== SUPPLIED MATERIAL ==
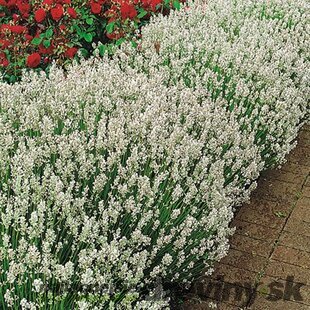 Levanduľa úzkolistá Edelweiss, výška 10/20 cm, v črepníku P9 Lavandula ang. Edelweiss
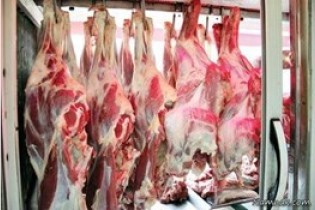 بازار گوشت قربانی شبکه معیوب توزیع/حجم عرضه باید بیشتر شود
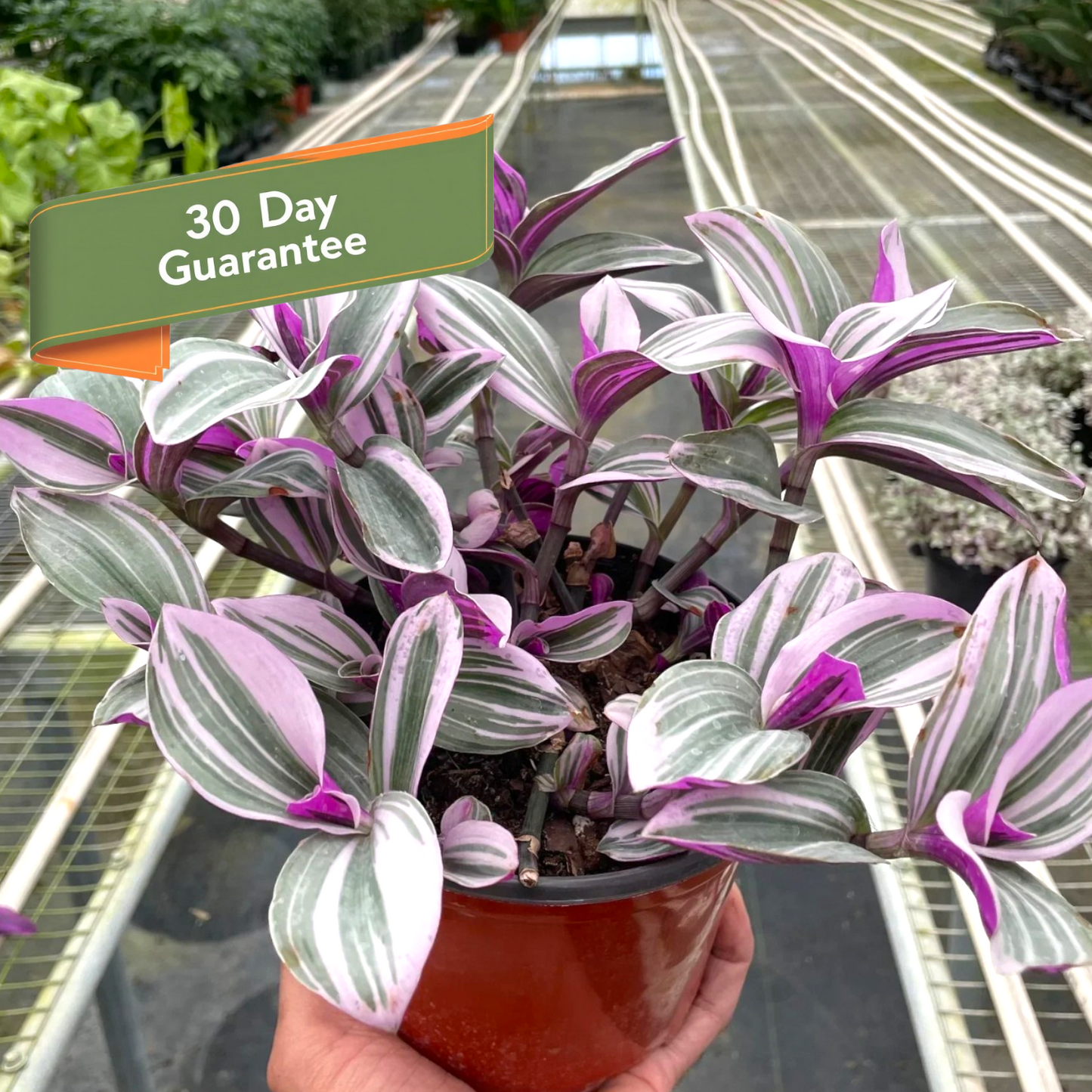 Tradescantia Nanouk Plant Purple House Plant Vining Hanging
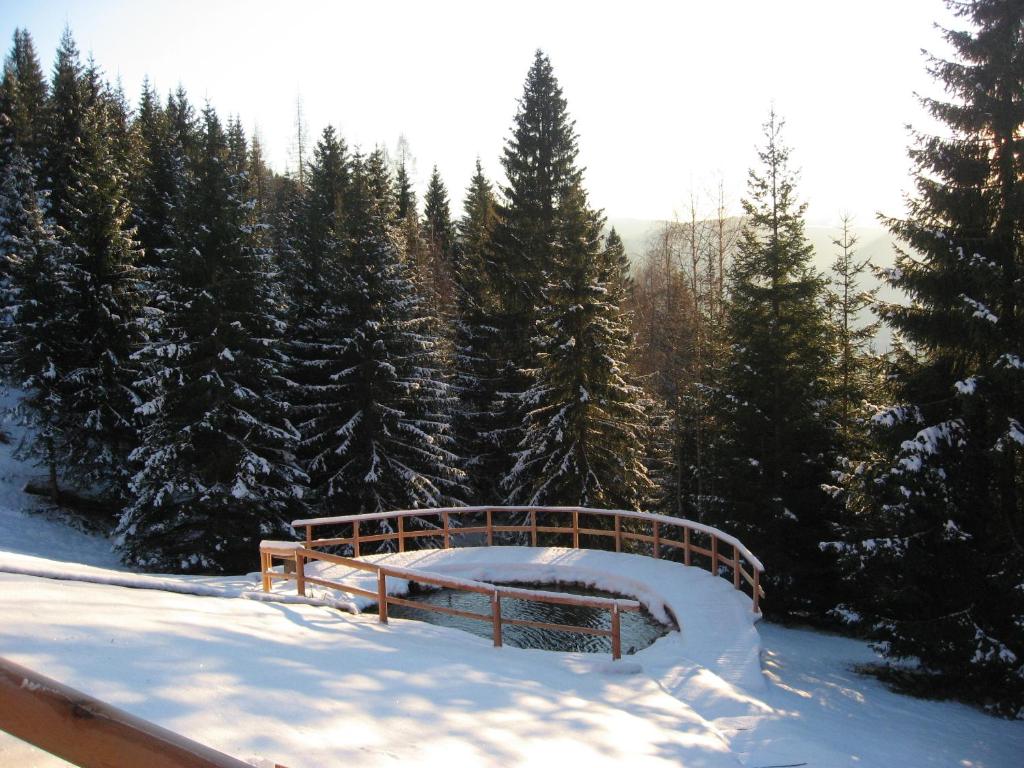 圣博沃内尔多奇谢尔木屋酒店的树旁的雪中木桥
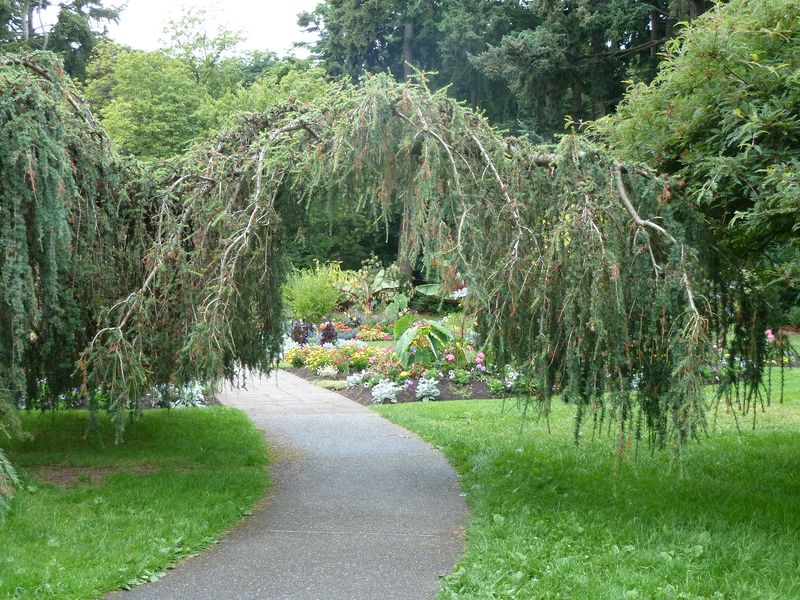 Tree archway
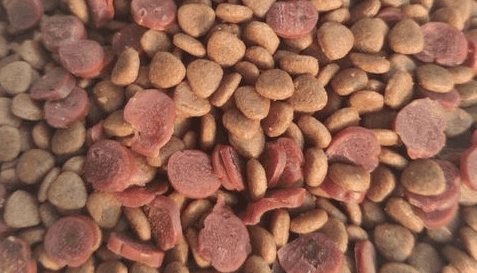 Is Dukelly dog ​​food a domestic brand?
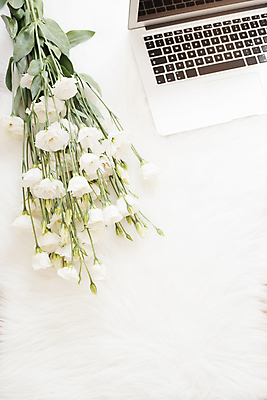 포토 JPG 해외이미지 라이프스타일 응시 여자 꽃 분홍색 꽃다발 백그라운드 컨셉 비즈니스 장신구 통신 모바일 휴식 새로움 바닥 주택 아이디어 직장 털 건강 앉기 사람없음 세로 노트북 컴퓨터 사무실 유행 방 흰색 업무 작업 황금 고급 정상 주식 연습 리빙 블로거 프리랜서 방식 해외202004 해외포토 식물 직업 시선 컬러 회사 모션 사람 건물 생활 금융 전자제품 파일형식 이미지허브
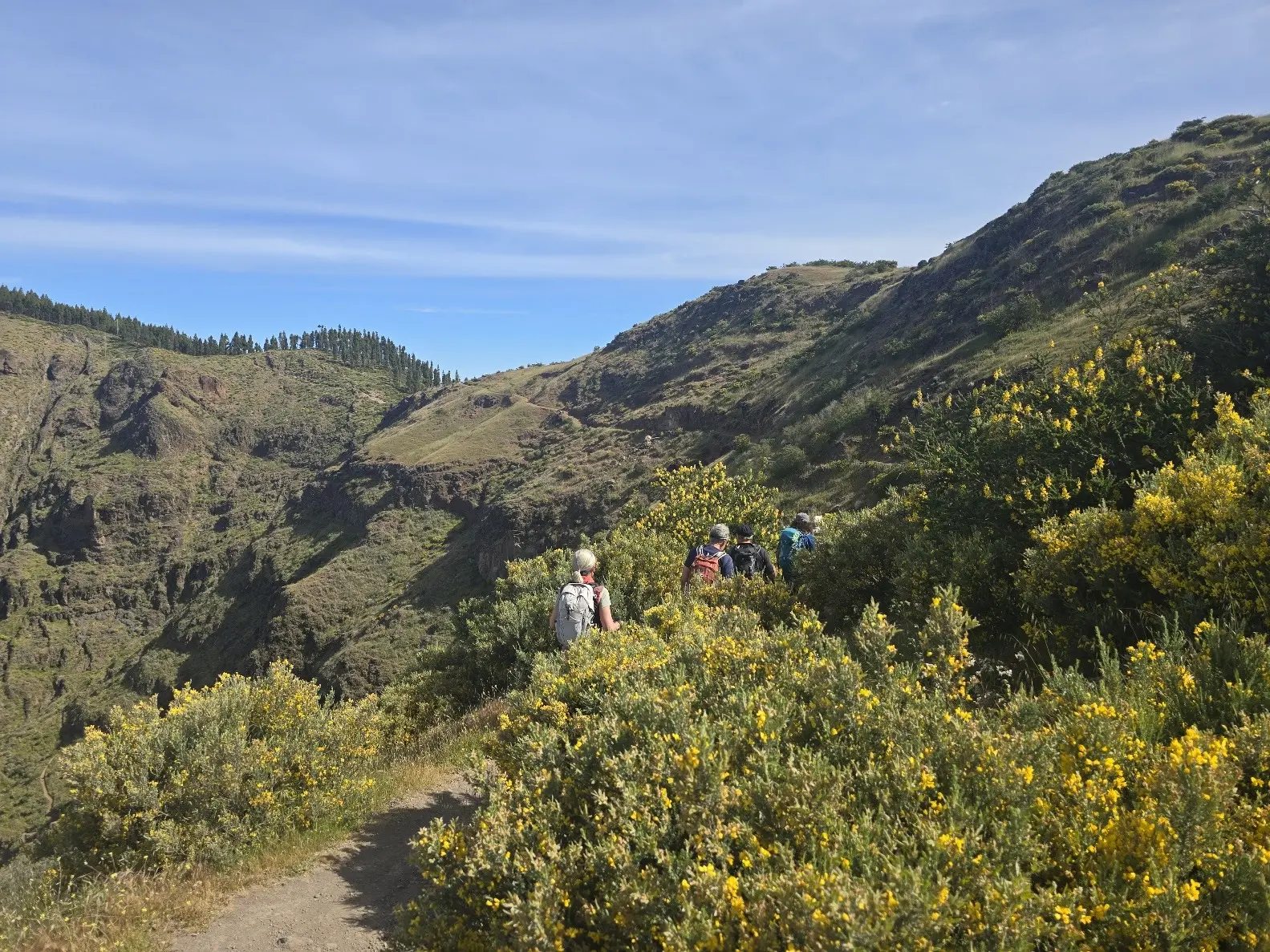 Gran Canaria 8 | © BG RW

== TASK OBJECTIVE ==
Each entry above should be copied word for word, with the images omitted.

== OUTPUT FOR THIS TASK ==
 Levanduľa úzkolistá Edelweiss, výška 10/20 cm, v črepníku P9 Lavandula ang. Edelweiss
 بازار گوشت قربانی شبکه معیوب توزیع/حجم عرضه باید بیشتر شود
 Tradescantia Nanouk Plant Purple House Plant Vining Hanging
 圣博沃内尔多奇谢尔木屋酒店的树旁的雪中木桥
 Tree archway
 Is Dukelly dog ​​food a domestic brand?
 포토 JPG 해외이미지 라이프스타일 응시 여자 꽃 분홍색 꽃다발 백그라운드 컨셉 비즈니스 장신구 통신 모바일 휴식 새로움 바닥 주택 아이디어 직장 털 건강 앉기 사람없음 세로 노트북 컴퓨터 사무실 유행 방 흰색 업무 작업 황금 고급 정상 주식 연습 리빙 블로거 프리랜서 방식 해외202004 해외포토 식물 직업 시선 컬러 회사 모션 사람 건물 생활 금융 전자제품 파일형식 이미지허브
 Gran Canaria 8 | © BG RW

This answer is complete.